Insomma, una ditta è un posto dove ci si sta non solo, e non spesso, perché quello che si fa è quanto vorremmo fare noi, e proprio nel modo in cui vorremmo si facesse, ma anche, se non spesso, per l’interesse al guadagno, per la necessità del reddito, perché ne abbiamo bisogno; in un partito è, o dovrebbe essere, diverso. Si può trascorrere tutta la propria vita professionale in una ditta anche se il lavoro che facciamo non ci piace, perché lo si fa per vivere, ma non credo si possa stare per tanto tempo in un partito che fa cose che non ci piacciono, a meno che non lo si faccia per vivere.

Non sto invocando la scissione, non ne avrei la titolarità (forse nemmeno la voglia) e poi per scindersi serve un gruppo, da soli, al massimo, si va via, ma arriva un momento in cui bisogna chiarire se nelle cose che si dicono ci si crede, oppure no.
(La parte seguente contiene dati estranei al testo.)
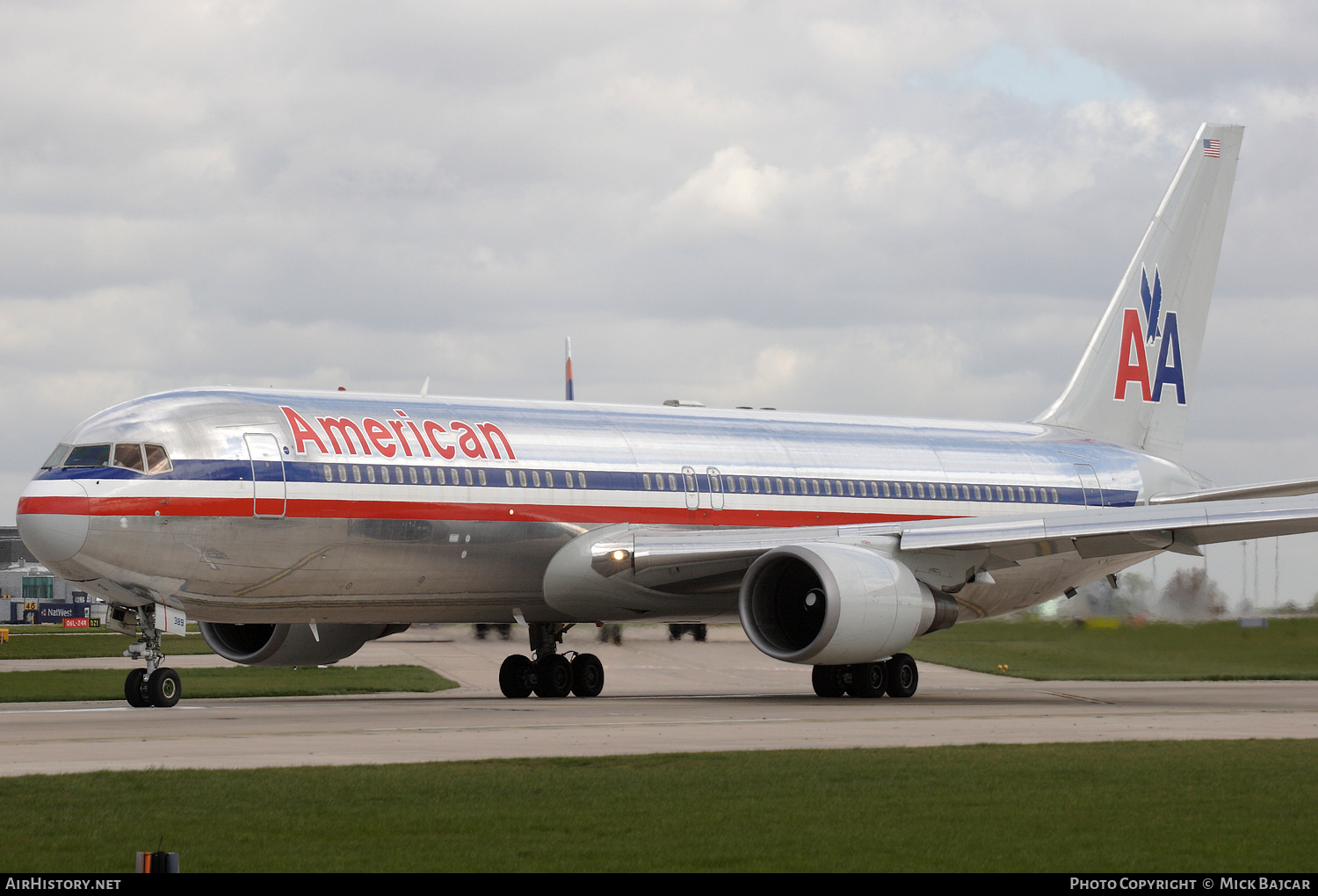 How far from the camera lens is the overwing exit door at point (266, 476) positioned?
67.8ft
Perché non è indifferente dire “la tutela del diritto al reintegro è un baluardo della civiltà del lavoro”, e dopo “però, se i più decidono così, voto anch’io per la sua abrogazione”, entrando, di fatto, a far parte del novero di quella maggioranza di cui si contestano le scelte, “perché si deve essere leali alla ditta”.
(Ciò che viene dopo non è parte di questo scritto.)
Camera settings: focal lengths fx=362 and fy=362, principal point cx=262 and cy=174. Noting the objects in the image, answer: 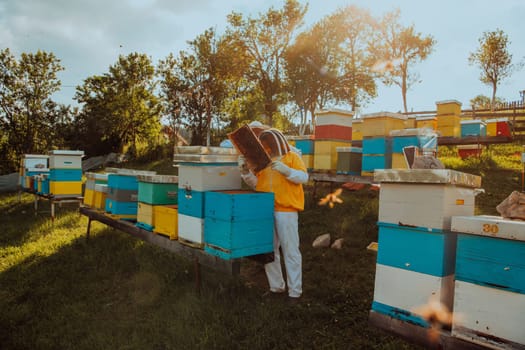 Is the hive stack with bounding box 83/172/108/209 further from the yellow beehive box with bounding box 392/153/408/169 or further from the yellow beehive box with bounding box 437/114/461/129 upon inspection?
the yellow beehive box with bounding box 437/114/461/129

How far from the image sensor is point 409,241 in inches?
93.2

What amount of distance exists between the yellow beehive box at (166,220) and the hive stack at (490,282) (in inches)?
116

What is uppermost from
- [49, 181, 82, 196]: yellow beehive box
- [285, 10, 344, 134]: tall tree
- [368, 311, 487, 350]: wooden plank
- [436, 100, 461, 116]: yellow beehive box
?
[285, 10, 344, 134]: tall tree

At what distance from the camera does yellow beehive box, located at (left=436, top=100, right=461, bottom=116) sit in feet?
28.5

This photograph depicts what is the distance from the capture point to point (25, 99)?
22500 millimetres

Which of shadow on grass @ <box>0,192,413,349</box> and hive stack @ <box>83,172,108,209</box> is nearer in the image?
shadow on grass @ <box>0,192,413,349</box>

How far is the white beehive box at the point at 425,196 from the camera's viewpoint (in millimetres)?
2277

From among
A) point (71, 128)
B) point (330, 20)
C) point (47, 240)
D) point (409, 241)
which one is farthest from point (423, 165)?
point (71, 128)

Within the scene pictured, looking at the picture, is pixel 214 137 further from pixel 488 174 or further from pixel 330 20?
pixel 488 174

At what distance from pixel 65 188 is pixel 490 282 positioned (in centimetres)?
890

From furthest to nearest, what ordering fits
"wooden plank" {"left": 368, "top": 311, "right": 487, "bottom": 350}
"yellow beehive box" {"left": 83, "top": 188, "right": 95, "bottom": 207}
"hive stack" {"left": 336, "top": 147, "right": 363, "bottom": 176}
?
1. "hive stack" {"left": 336, "top": 147, "right": 363, "bottom": 176}
2. "yellow beehive box" {"left": 83, "top": 188, "right": 95, "bottom": 207}
3. "wooden plank" {"left": 368, "top": 311, "right": 487, "bottom": 350}

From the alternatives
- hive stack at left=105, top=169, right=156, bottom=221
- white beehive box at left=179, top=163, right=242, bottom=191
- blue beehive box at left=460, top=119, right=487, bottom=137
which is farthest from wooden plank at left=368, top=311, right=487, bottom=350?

Anche perché, poi, dire “la penso diversamente, ma voto come decide il partito”, anche su questioni caratterizzanti per una forza politica socialista (perché il Pd è nel Pse, giusto?) come il lavoro, fa un po’ troppo sindrome di Norimberga, del tipo “non condivido, eseguo solamente gli ordini della maggioranza”. Se a questa ci aggiungiamo quella di Stoccolma, per cui si deve rimanere, per lealtà, anche nel posto dove il segretario si diverte a spianare e piallare tutte le cose in cui si dice di credere, affidando la tenuta dell’ordine carcerario alle randellate della prima Picierno o del primo Nardella che passa, il quadro clinico dell’interessato, per essere eufemistici, comincia a essere preoccupante. O meglio, io mi preoccuperei.

Ah, dimenticavo: parlo pure di me, ovvio.